**Data:**
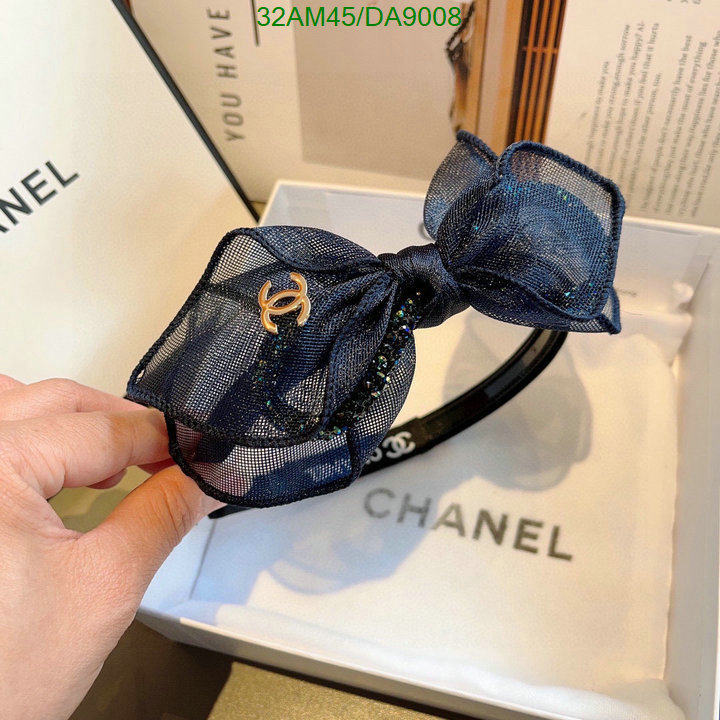 Chanel-Headband Code: DA9008 $: 32USD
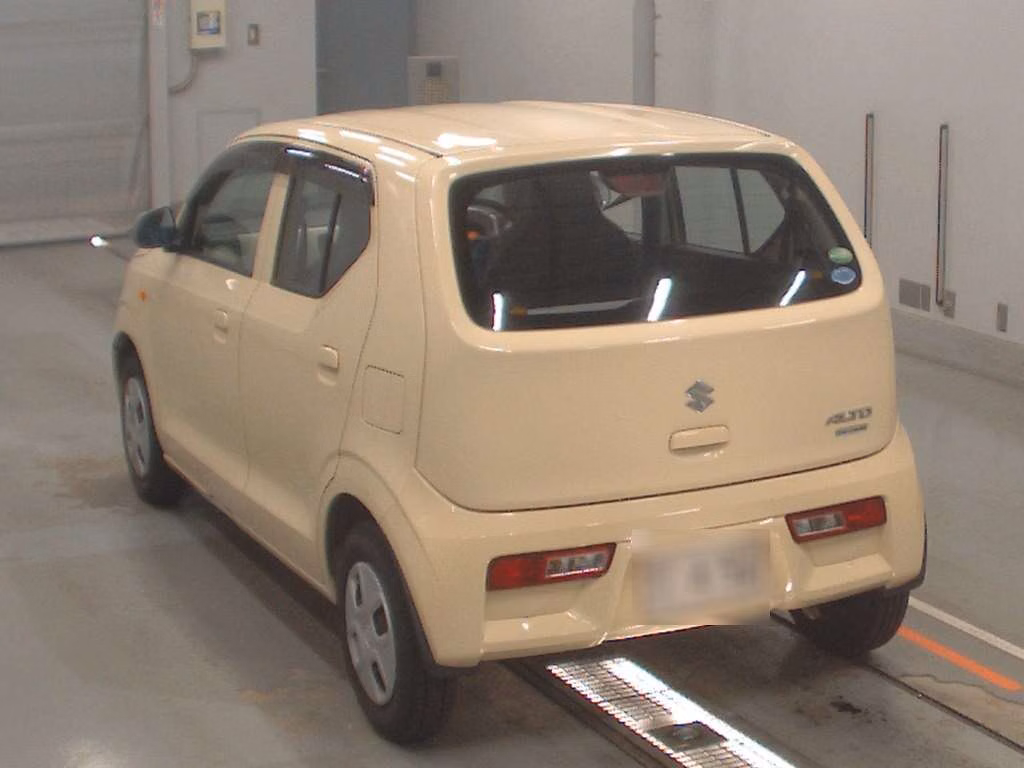 SUZUKI ALTO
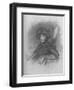 'Mrs. Thrale (Afterwards Piozzi) (b. 1741, d. 1821)', 1907-Unknown-Framed Giclee Print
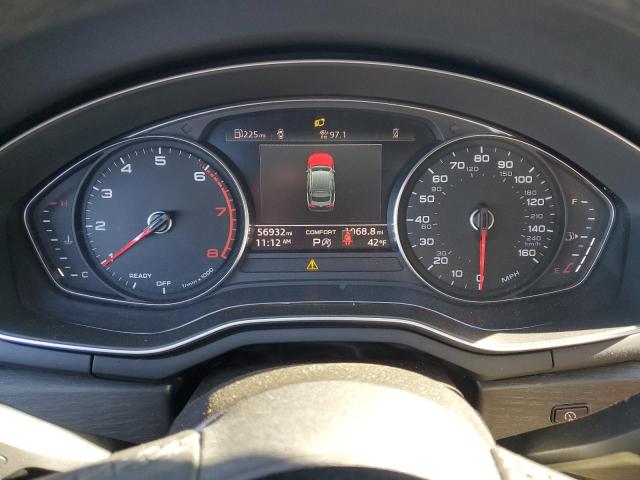 41854224 :رقم المزاد ، WAUDACF50MA012326 vin ، 2021 Audi A5 Premium 45 مزاد بيع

**What to work on:** Keep the pictures out of the copy and write out the data exactly as it stands.

**Solved exercise:**
 Chanel-Headband Code: DA9008 $: 32USD
 SUZUKI ALTO
 'Mrs. Thrale (Afterwards Piozzi) (b. 1741, d. 1821)', 1907-Unknown-Framed Giclee Print
 41854224 :رقم المزاد ، WAUDACF50MA012326 vin ، 2021 Audi A5 Premium 45 مزاد بيع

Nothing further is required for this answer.